Give back, word for word, only the lines from the opening of the records through the one with "KH Sports Fan". Pictures stay out.

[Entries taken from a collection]
■ ■ ■ ■ ■

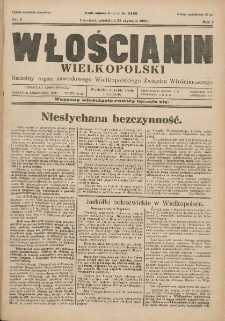 Włościanin Wielkopolski: naczelny organ Zawodowego Wielkopolskiego Związku Włościańskiego 1930.01.12 R.2 Nr4
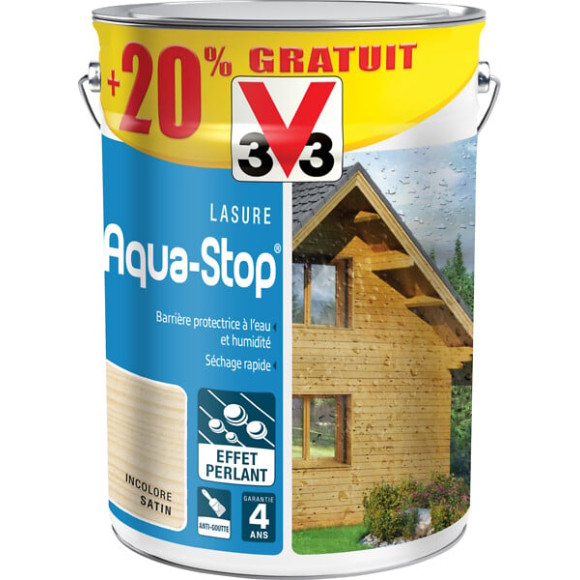 Lasure aqua-stop incolore 5L+20%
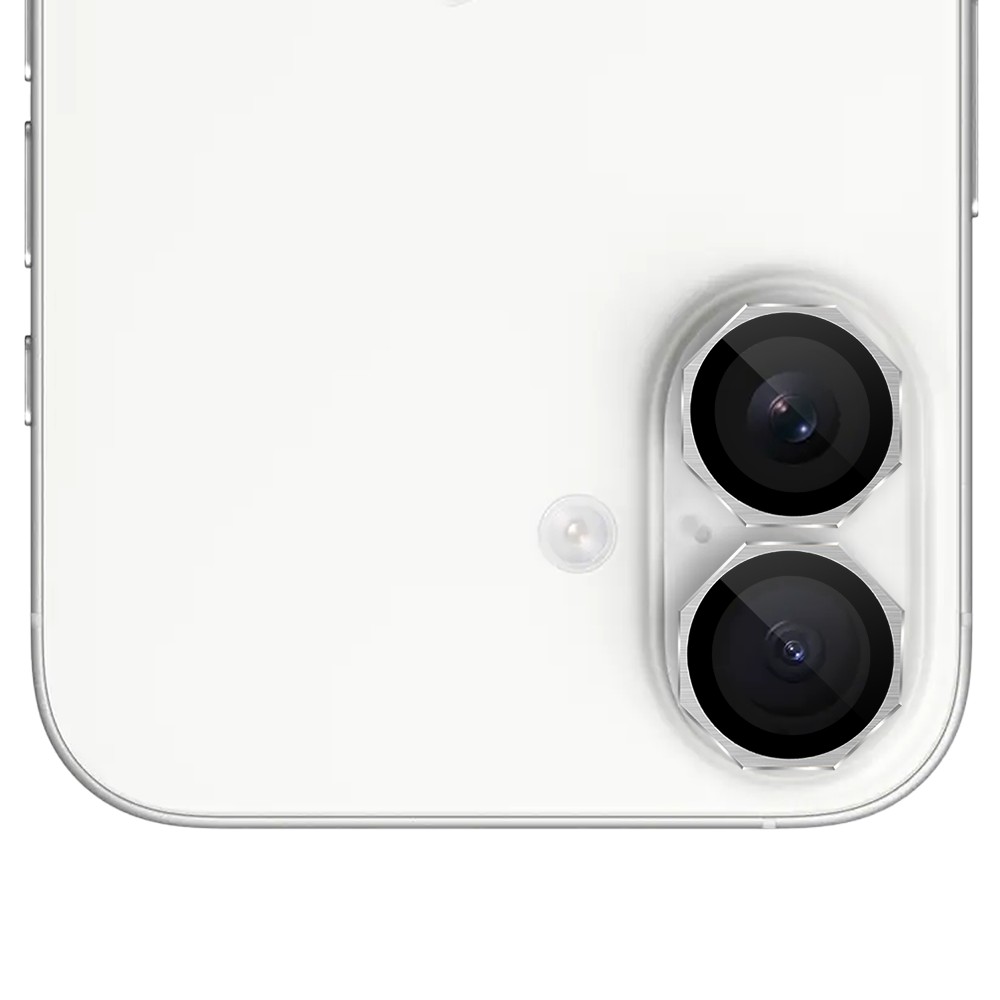 Metalowa osłona obiektywów szkło na aparat iPhone 16 srebrne-3_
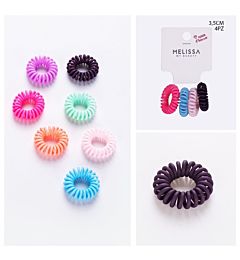 ELASTICO CAPELLI SPIRALE 3.5CM 4PZ COLOR OPACO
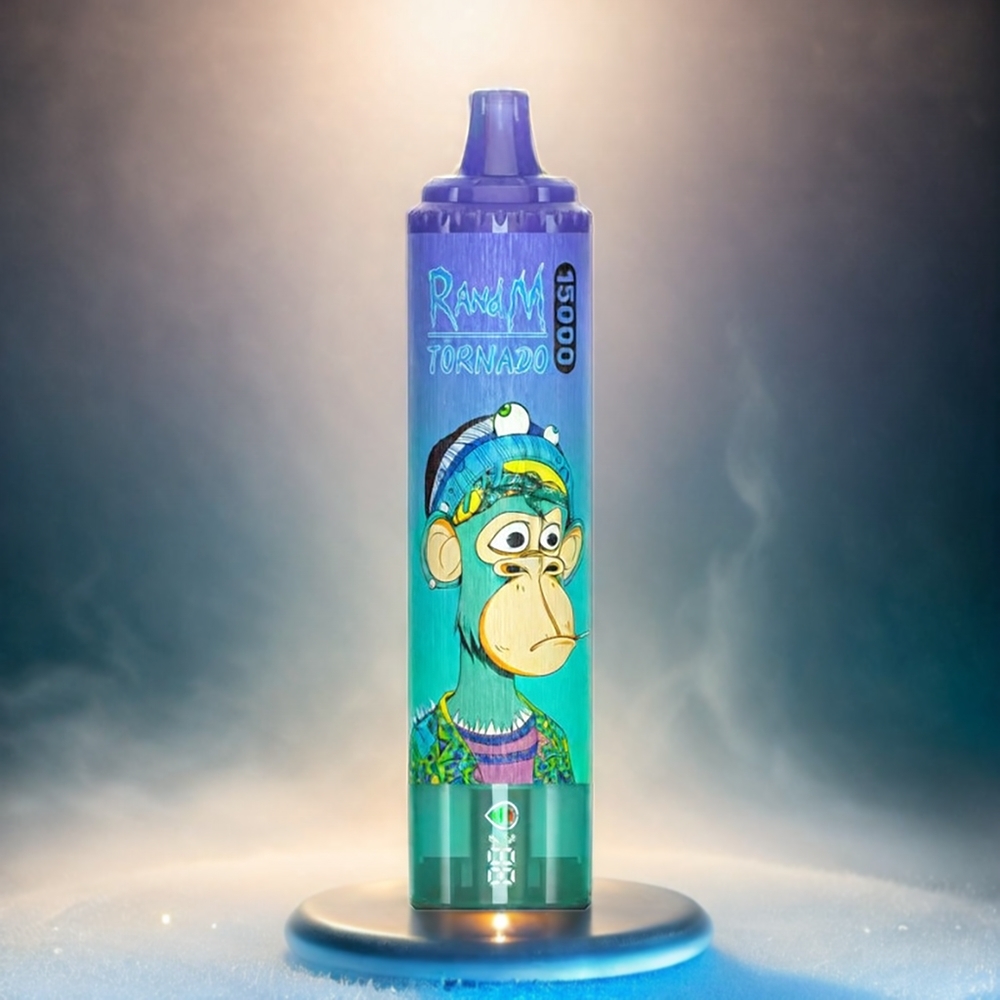 Fumot RandM Tornado Italia Ingrosso 15000 Puffs Blu gelato su ghiaccio con Schermo LCD, 25ml Capacità, 850mAh Batteria, Mesh Coil 0.9 Ohm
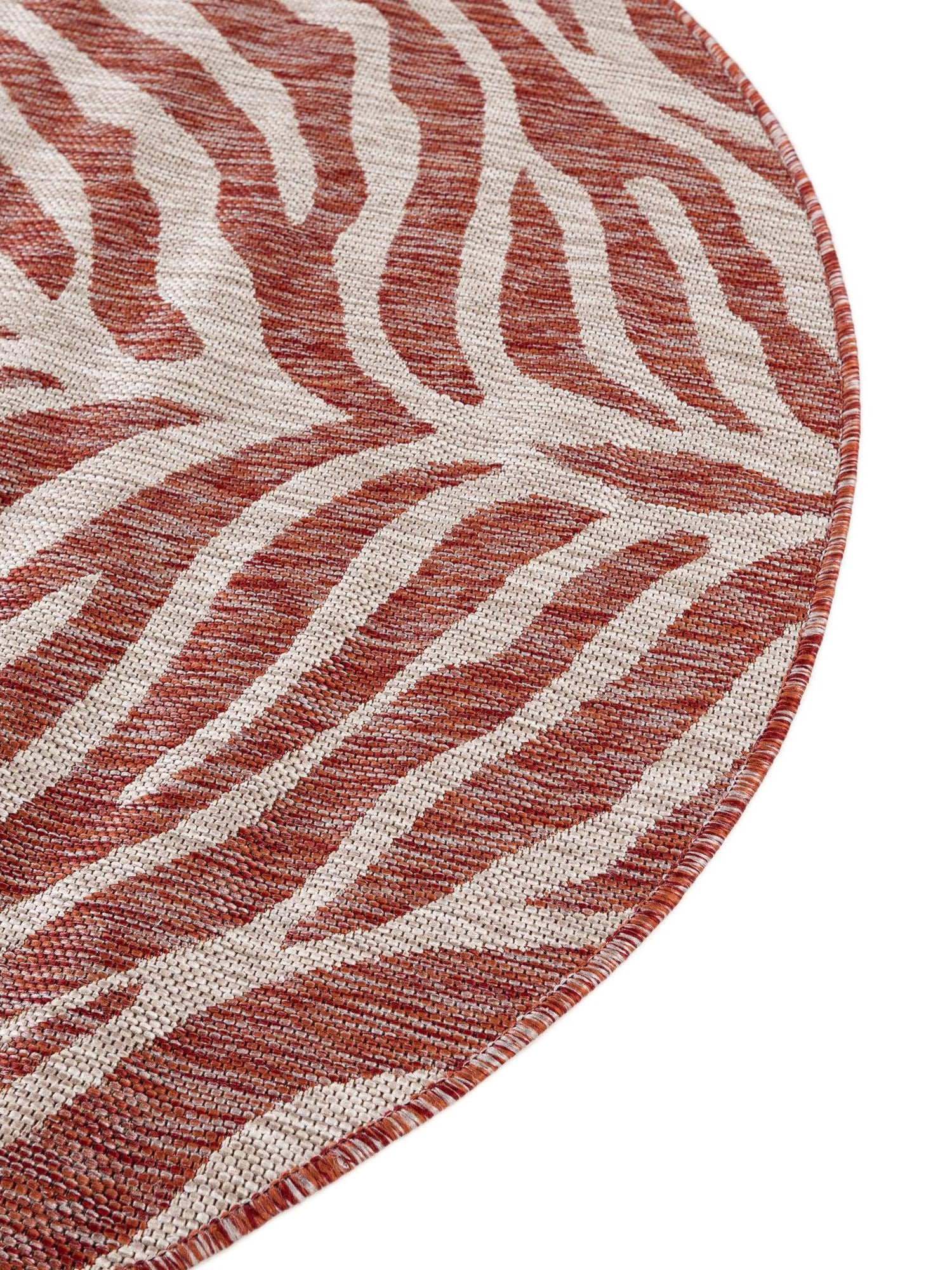 Rust Red 4' 1 x 4' 1 Outdoor Safari Round Area Rug Weather Resistant for Patio, Deck, Terrace, Balcony, Porch Animal Print Wildlife Nature Carpet for Sale at Rug Engine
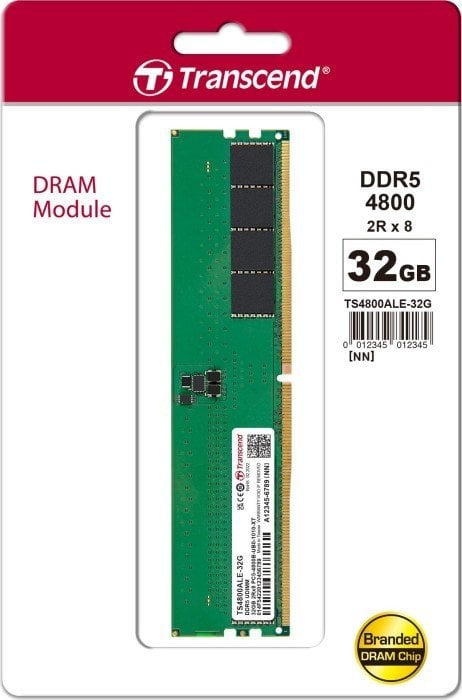 Memorie RAM Transcend JM4800ALE-32G, 32GB DDR5, 4800MHz, jeshile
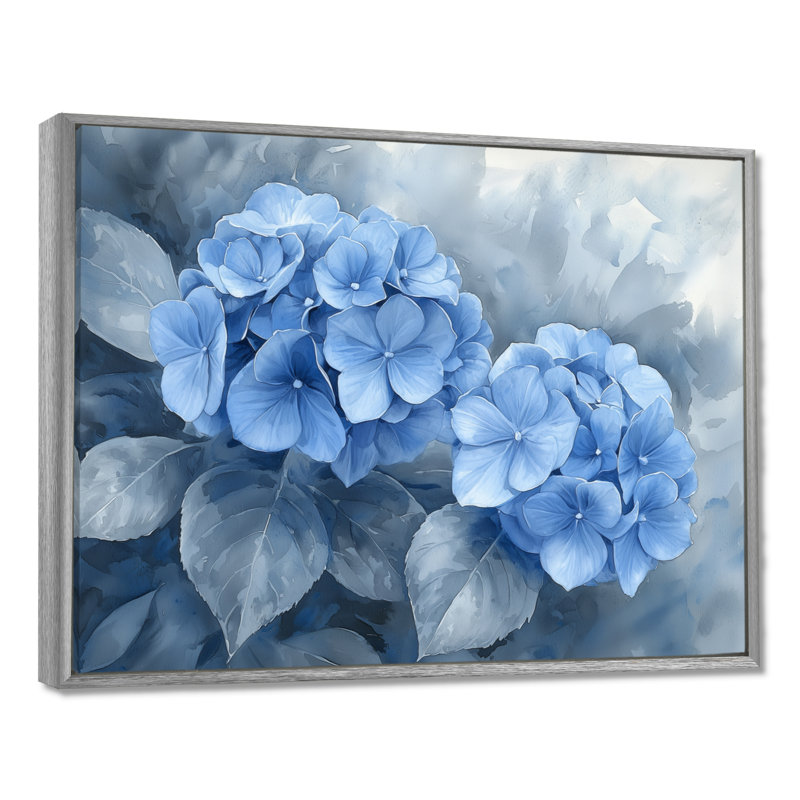 Hydrangeas In Greyscale Garden II - Hydrangea Framed Canvas Print, 34" H x 44" W, Floater Framed Print, Silver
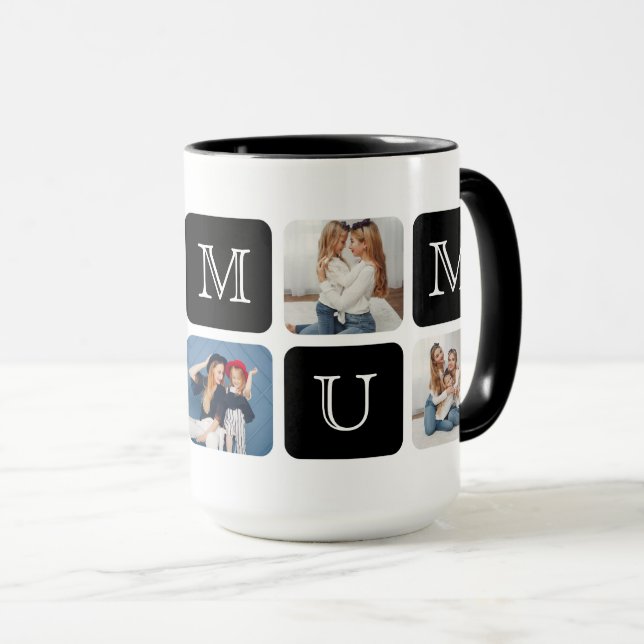 Modern 5-foto "♥ U Mamma" Jumbo 15 oz. Mugg (Framsida höger)
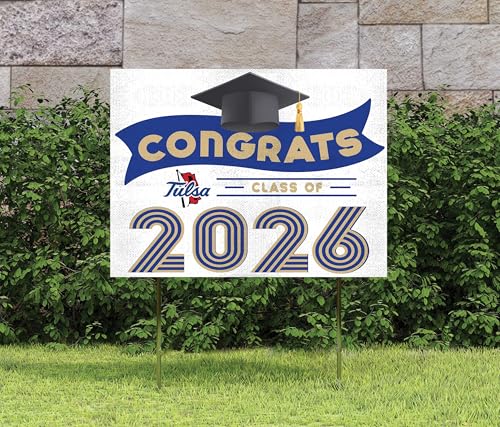 KH Sports Fan Tulsa Golden Hurricane Congrats Class of 2026 Graduation Yard Sign, 18x24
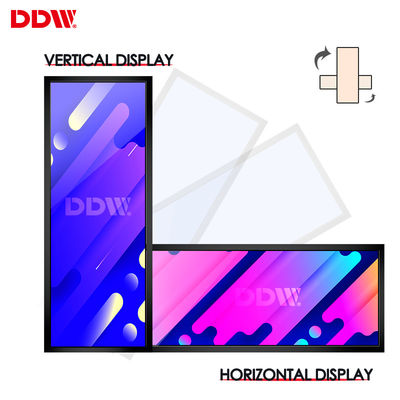 19 24 28 37 exposição esticada do Lcd da barra da propaganda da prateleira da montagem da parede da loja de 43 polegadas tela estreita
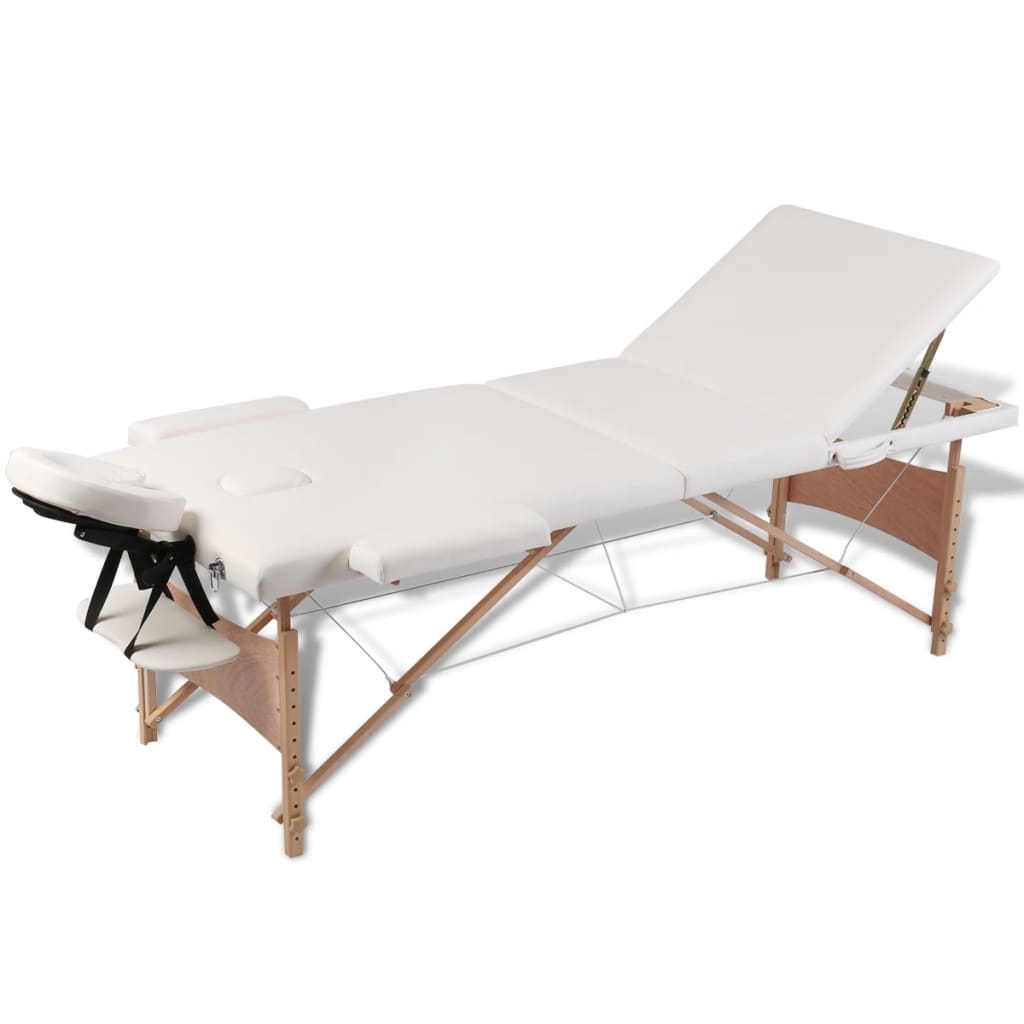 Table pliable de massage Crème 3 zones avec cadre en bois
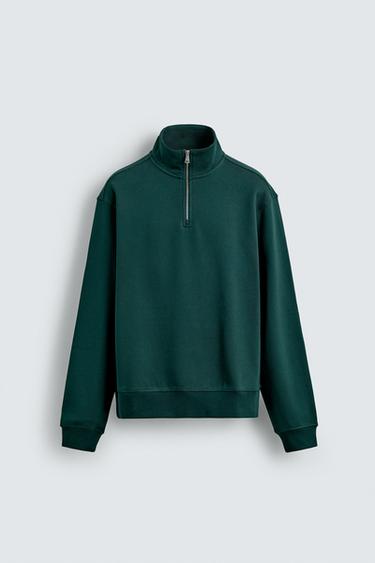 BASIC QUARTER-ZIP SWEATSHIRT - Duck green by Zara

■ ■ ■ ■ ■

## Finished exercise:
 Włościanin Wielkopolski: naczelny organ Zawodowego Wielkopolskiego Związku Włościańskiego 1930.01.12 R.2 Nr4
 Lasure aqua-stop incolore 5L+20%
 Metalowa osłona obiektywów szkło na aparat iPhone 16 srebrne-3_
 ELASTICO CAPELLI SPIRALE 3.5CM 4PZ COLOR OPACO
 Fumot RandM Tornado Italia Ingrosso 15000 Puffs Blu gelato su ghiaccio con Schermo LCD, 25ml Capacità, 850mAh Batteria, Mesh Coil 0.9 Ohm
 Rust Red 4' 1 x 4' 1 Outdoor Safari Round Area Rug Weather Resistant for Patio, Deck, Terrace, Balcony, Porch Animal Print Wildlife Nature Carpet for Sale at Rug Engine
 Memorie RAM Transcend JM4800ALE-32G, 32GB DDR5, 4800MHz, jeshile
 Hydrangeas In Greyscale Garden II - Hydrangea Framed Canvas Print, 34" H x 44" W, Floater Framed Print, Silver
 Modern 5-foto "♥ U Mamma" Jumbo 15 oz. Mugg (Framsida höger)
 KH Sports Fan Tulsa Golden Hurricane Congrats Class of 2026 Graduation Yard Sign, 18x24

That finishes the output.